Epoxiconazole
- Names: IUPAC name (2RS,3SR)-1-[3-(2-chlorophenyl)-2,3-epoxy-2-(4-fluorophenyl)propyl]-1H-1,2,4-triazole

Identifiers
- CAS Number: 135319-73-2;
- 3D model (JSmol): Interactive image;
- ChEBI: CHEBI:4811; CHEBI:83761 2R,3S; CHEBI:83759 2S,3R;
- ChemSpider: 24751862;
- ECHA InfoCard: 100.100.840
- KEGG: C11229;
- PubChem CID: 3317081;
- UNII: FC89KM2VS3;
- CompTox Dashboard (EPA): DTXSID1040372 ;

Properties
- Chemical formula: C_{17}H_{13}ClFN_{3}O
- Molar mass: 329.76 g mol
- Density: 1.374 g/cm^{3}
- Melting point: 134 °C (273 °F; 407 K)
- Solubility in water: 8.42 ppm, at 20°C in water

= Epoxiconazole =

Fungicide

Epoxiconazole is a fungicide active ingredient from the class of azoles developed to protect crops. In particular, the substance inhibits the metabolism of fungi cells infesting useful plants, and thereby prevents the growth of the mycelia (fungal cells). Epoxiconazole also limits the production of conidia (mitospores). Epoxiconazole was introduced to the market by BASF SE in 1993 and can be found in many products and product mixtures targeting a large number of pathogens in various crops. Crops are, for example, cereals (mainly wheat, barley, rye and triticale), soybeans, banana, rice, coffee, turnips, and red as well as sugar beets.

==Use==
Epoxiconazole is used against, amongst others, cereal diseases, two of which, namely leaf blotch (Septoria tritici) and rust (Puccinia triticina), are responsible for up to 30% yield losses. Although not used commercially for insect control, epoxiconazole exhibits a strong anti-feeding effect on the keratin-digesting common clothes moth larvae Tineola bisselliella.

==Resistance==
Certain plant pathogens develop resistance to fungicides. In contrast to the relatively rapid development of resistance to strobilurins, azole fungicides like Epoxiconazole have maintained their effectiveness controlling key wheat diseases for over two decades. According to a study conducted by the Home Grown Cereals Authority (HGCA), Epoxiconazole was one of two triazole fungicides (the other being prothioconazole) reported to still provide a high level of eradicative and protective control of Septoria tritici. Additional classes of fungicides like contact fungicides, strobilurins or carboxamides are available to farmers. In the latter case, the best activity rates are achieved in mixtures with triazoles.

==Mode of Action==
As an azole, Epoxiconazole, actively stops the production of new fungi spores and inhibits the biosynthesis of existing hostile cells. Epoxiconazole works as an eradicant by encapsulating fungal haustoria, which are then cut off from their nutrient supply and therefore die. Some fungicide interactions can actually lead to increased production of mycotoxins, which are normal metabolic products of fungi, and it has been found that the inclusion of triazoles, like Epoxiconazole, in the fungicide mix may be necessary to limit mycotoxin levels.

==Regulation==
In Europe, the active substance epoxiconazole has been withdrawn by industry from the approval process under Regulation (EC) No 1107/2009. The effect of that withdrawal is that epoxiconazole is banned from all use in the category ‘pesticides’, due to the fact that it has not been approved for any other use in that category.
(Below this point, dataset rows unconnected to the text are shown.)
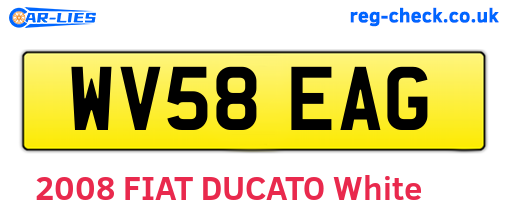WV58EAG are the vehicle registration plates.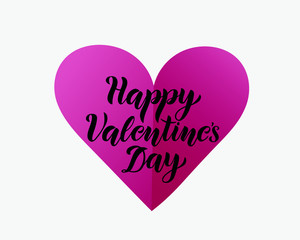 Happy Valentine's Day - Handwritten lettering quote with heart for postcard, invitation, poster, banner, web. Modern brushpen calligraphy. Vector illustration EPS10.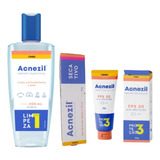 Kit Acnezil Sabonete Facial + Gel Secativo + Protetor Solar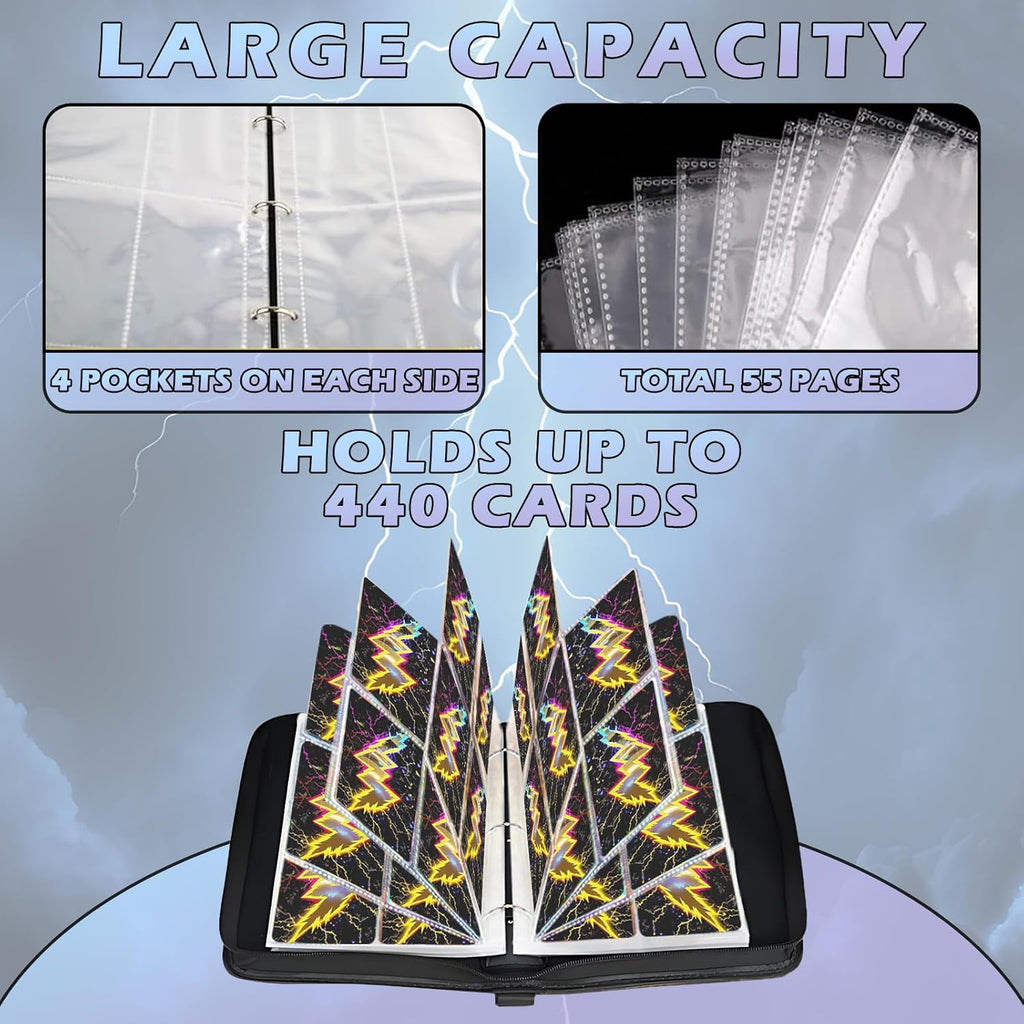 Trading Card Binder-440 Pockets Premium Trading Card Book, Double-Side Collectible Card Albums Compatible with Game/Baseball/Football/TCG Card, Waterproof PU Zippered Storage Card Holder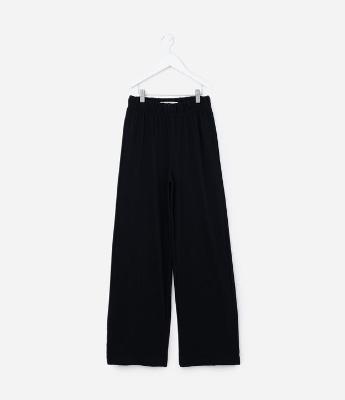 Calça Wide Leg Infantil em Cotton Malhão - Tam 5 a 14 anos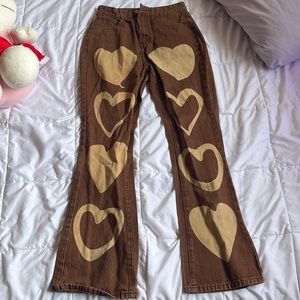 brown yk2 heart flare jeans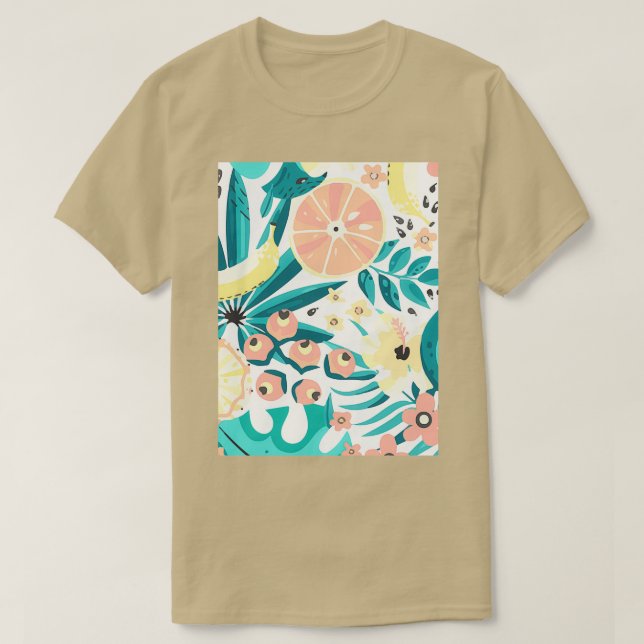 Camiseta Estilo de Padrão Exótico do Avocado (Frente do Design)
In addition, the harmonised classification of epoxiconazole under Regulation (EC) No 1272/2008 of the European Parliament and of the Council is sufficient evidence that the substance raises concerns for human health and the environment.

According to the European Chemicals Agency, Epoxiconazole is very toxic to aquatic life with long lasting effects, may damage fertility or the unborn child, and is suspected of causing cancer.